JAKARTA, POSKOTA.CO.ID - Ketua DPD RI, AA LaNyalla Mahmud Mattalitti menawarkan lima proposal kenegaraan yang telah dipublikasikan saat Sidang Bersama MPR, DPR dan DPD RI pada (16/8/2023) lalu.
Salah satu poin utama dalam proposal tersebut, yakni mengembalikan MPR RI sebagai lembaga tertinggi negara yang berwenang dalam pemilihin presiden.
Kelima proposal tersebut pun lantas mendapat apresiasi positif dari para akademisi. Salah satunya datang dari Dosen Fakultas Ilmu Sosial Ilmu Politik Universitas Indonesia, Dr Mulyadi.
Mulyadi menilai, dari hasil kajian yang dilakukan, satu-satunya negara yang memiliki lembaga penjelmaan rakyat adalah Indonesia.
"Negara lain tak ada yang memiliki institusi penjelmaan rakyat. Indonesia ini satu-satunya melalui MPR itu. Nanti untuk Pilpres bisa dipindahkan ke MPR. Biarkan Pemilu Legislatif yang terus berlangsung," jelas Mulyadi dalam acara Diskusi Publik Membedah Lima Proposal Kenegaraan DPD RI di Ruang Mandala Saba Gedung Rektorat Universitas Pasundan, Bandung, Jawa Barat, Jumat (25/8/2023).

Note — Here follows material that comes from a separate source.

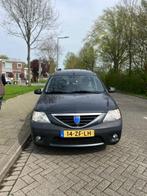 Dacia Logan 1.6 77KW MCV 7P 2008 Grijs, Auto's, Dacia, Origineel Nederlands, Te koop, Zilver of Grijs, Benzine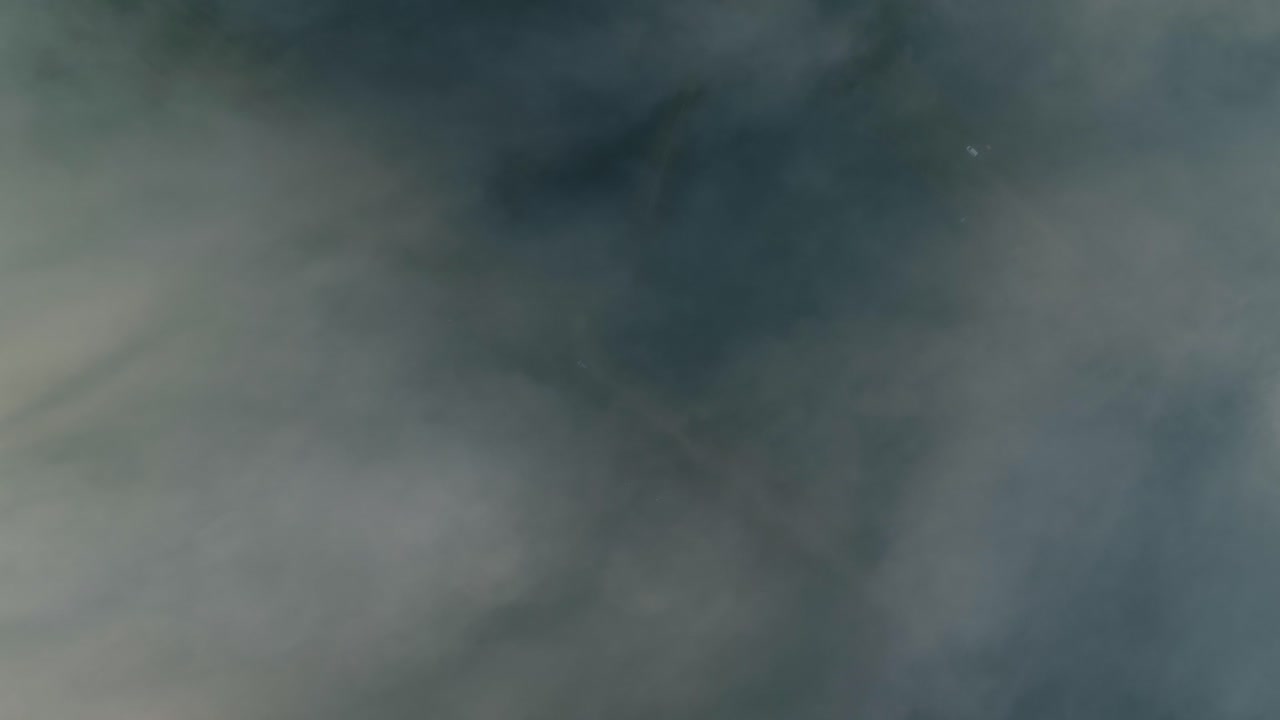 ポーランドの漁業湖の上のゆっくりと移動する霧の空中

Di sisi lain, Pengamat Eknomi-Politik, Dr Ichsanuddin Noorsy pun turut sepakat dengan gagasan proposal kenegaraan tersebut.
Menurut Ichsan, lima proposal yang ditawarkan DPD RI merupakan upaya untuk memperbaiki bangsa. Selain itu, Ketua DPD RI menggagas hak tersebut berdasarkan alam pikiran para pendiri bangsa.
"Ketua DPD RI berpikir berdasarkan alam pikiran para pendiri bangsa. Dalam sidang BPUPKI, sejumlah tokoh sudah menegaskan bahwa kita tak bisa berpikir ala Barat dan Timur. Kita harus berpikir ala kita," ujar Ichsanuddin dalam kesempatan yang sama.
Oleh karenanya, Ichsanuddin sependapat bahwa MPR mesti dikembalikan sebagai Lembaga Tertinggi Negara. Pun halnya dengan anggota DPR RI dari unsur perseorangan, Ichsanuddin melihat hal tersebut mungkin dilakukan selama ada kesungguhan untuk mengimplementasikannya.
Berikut isi dari lima proposal kenegaraan yang dipublikasikan DPD RI
1. Mengembalikan MPR sebagai Lembaga Tertinggi Negara, sebagai sebuah sistem demokrasi yang berkecukupan
menampung semua elemen bangsa dan menjadi penjelmaan rakyat sebagai pemilik serta pelaksana kedaulatan.
2. Membuka peluang adanya anggota DPR RI yang berasal
dari peserta pemilu unsur perseorangan atau non-partisan, selain dari anggota partai politik, sebagai bagian dari upaya untuk memastikan proses pembentukan Undang-Undang yang dilakukan DPR bersama Presiden tidak didominasi oleh keterwakilan kelompok partai politik saja. Tetapi juga secara utuh dibahas oleh keterwakilan
masyarakat non partai.
3. Memastikan Utusan Daerah dan Utusan Golongan diisi melalui mekanisme pengisian dari bawah. Bukan penunjukan oleh Presiden seperti yang terjadi pada era Orde Baru. Dengan komposisi Utusan Daerah yang mengacu kepada kesejarahan wilayah yang berbasis kepada negara-negara lama dan bangsa-bangsa lama yang ada di Nusantara, yaitu para Raja dan Sultan Nusantara, serta suku dan penduduk asli Nusantara.
Sedangkan Utusan Golongan diisi oleh Organisasi Sosial
Masyarakat dan Organisasi Profesi yang memiliki kesejarahan dan bobot kontribusi bagi pemajuan Ekonomi, Sosial, Budaya, Pertahanan Keamanan dan Agama bagi Indonesia.
4. Memberikan kewenangan kepada Utusan Daerah dan
Utusan Golongan untuk memberikan pendapat terhadap materi Rancangan Undang-Undang yang dibentuk oleh DPR bersama Presiden sebagai bagian dari keterlibatan publik yang utuh.
5. menempatkan secara tepat, tugas, peran dan fungsi Lembaga Negara yang sudah dibentuk di era Reformasi, sebagai bagian dari kebutuhan sistem dan struktur ketatanegaraan.